**What is being asked**
Only the lines from the one with "Kia Carnival 2.9 CRDi EX Basis - 10" through the final line below belong in the answer, copied exactly and without pictures.

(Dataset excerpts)

>>>

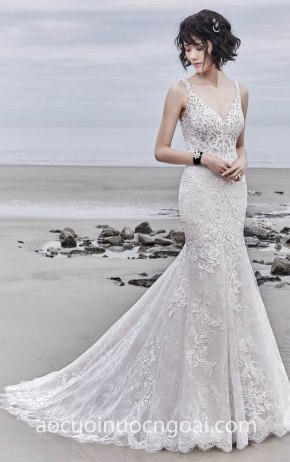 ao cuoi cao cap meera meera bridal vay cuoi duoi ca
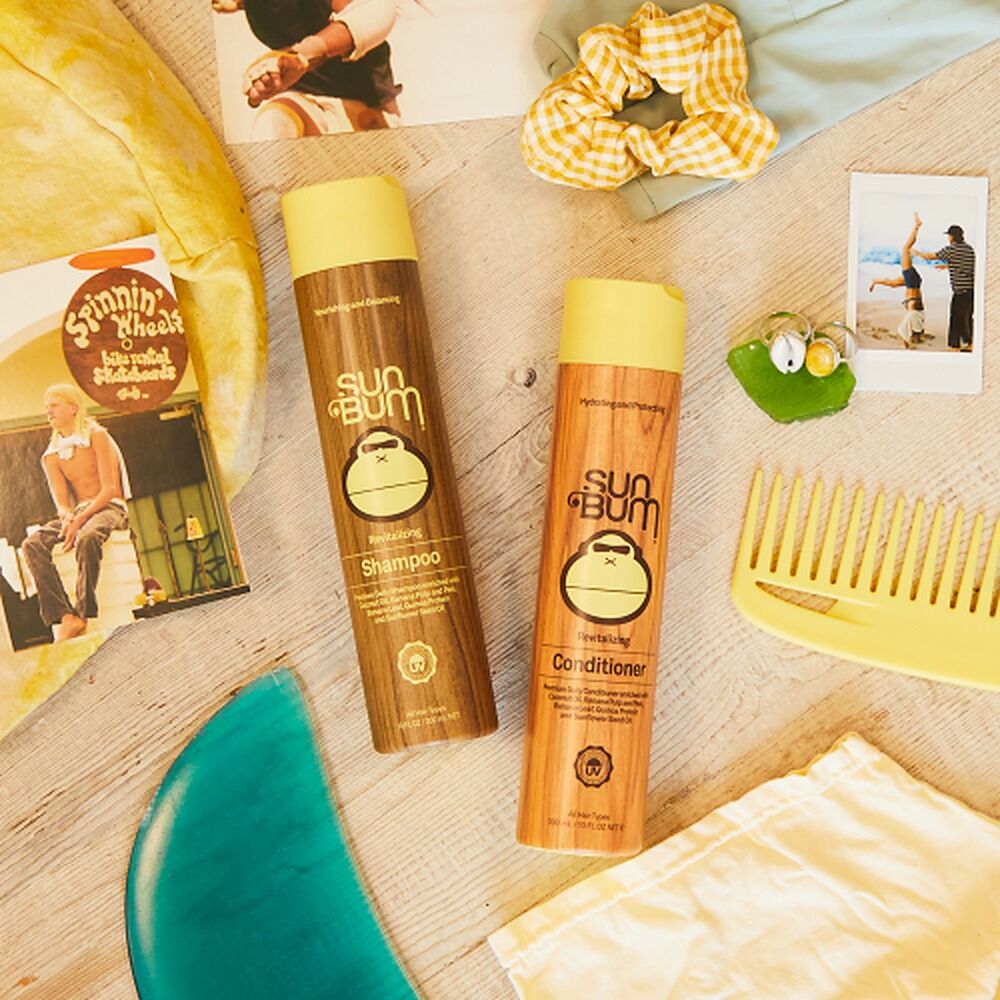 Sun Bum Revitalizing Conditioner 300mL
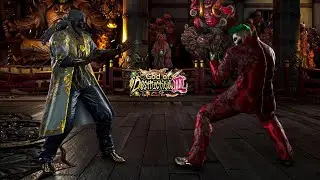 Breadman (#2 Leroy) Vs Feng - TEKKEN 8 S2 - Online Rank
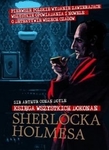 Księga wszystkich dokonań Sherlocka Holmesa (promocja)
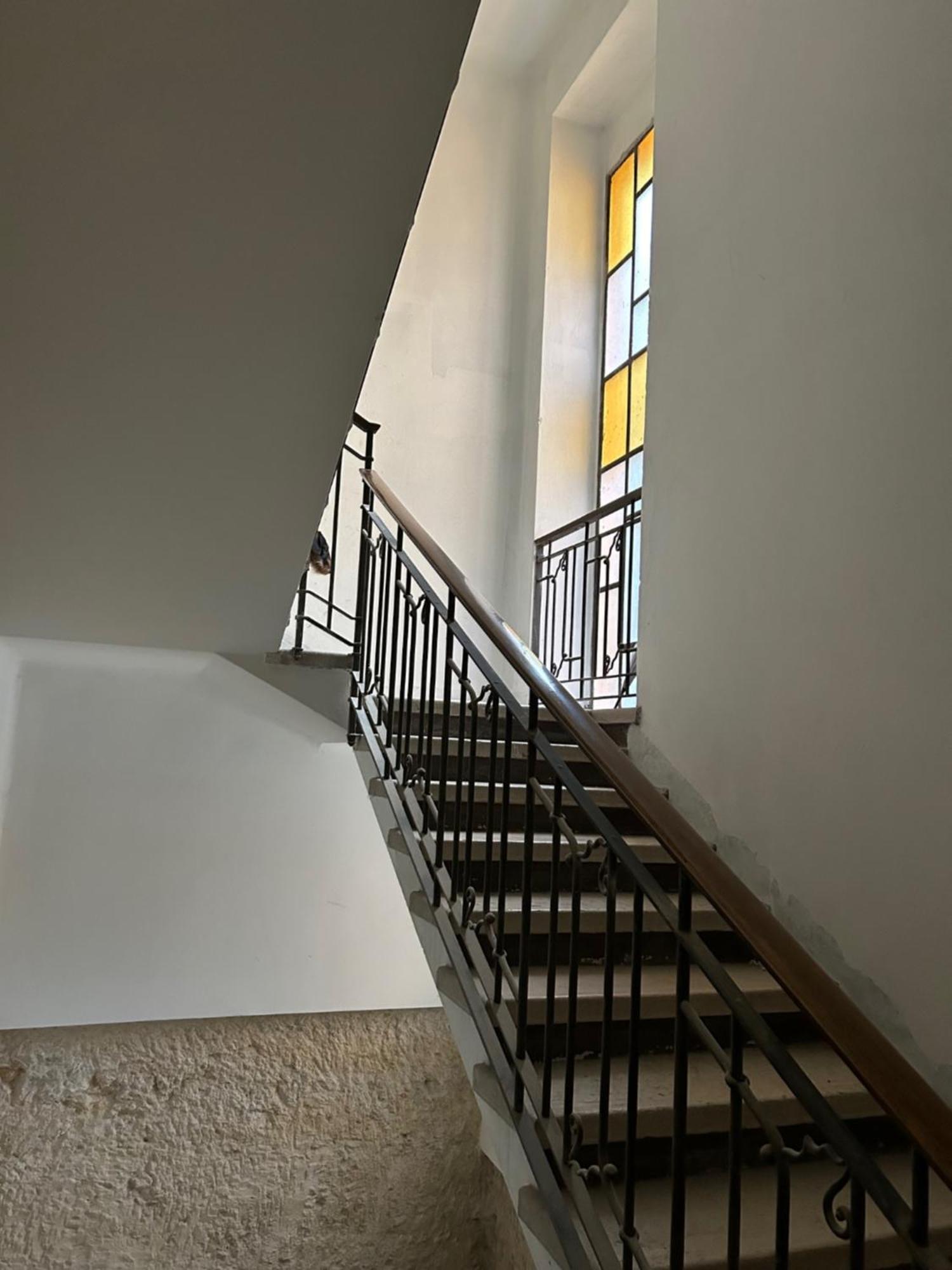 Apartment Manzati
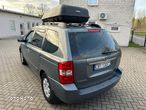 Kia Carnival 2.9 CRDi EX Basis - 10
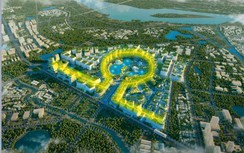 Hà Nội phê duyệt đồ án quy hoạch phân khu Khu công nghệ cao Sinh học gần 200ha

<<<

**Output of the exercise**
 Kia Carnival 2.9 CRDi EX Basis - 10
 Hà Nội phê duyệt đồ án quy hoạch phân khu Khu công nghệ cao Sinh học gần 200ha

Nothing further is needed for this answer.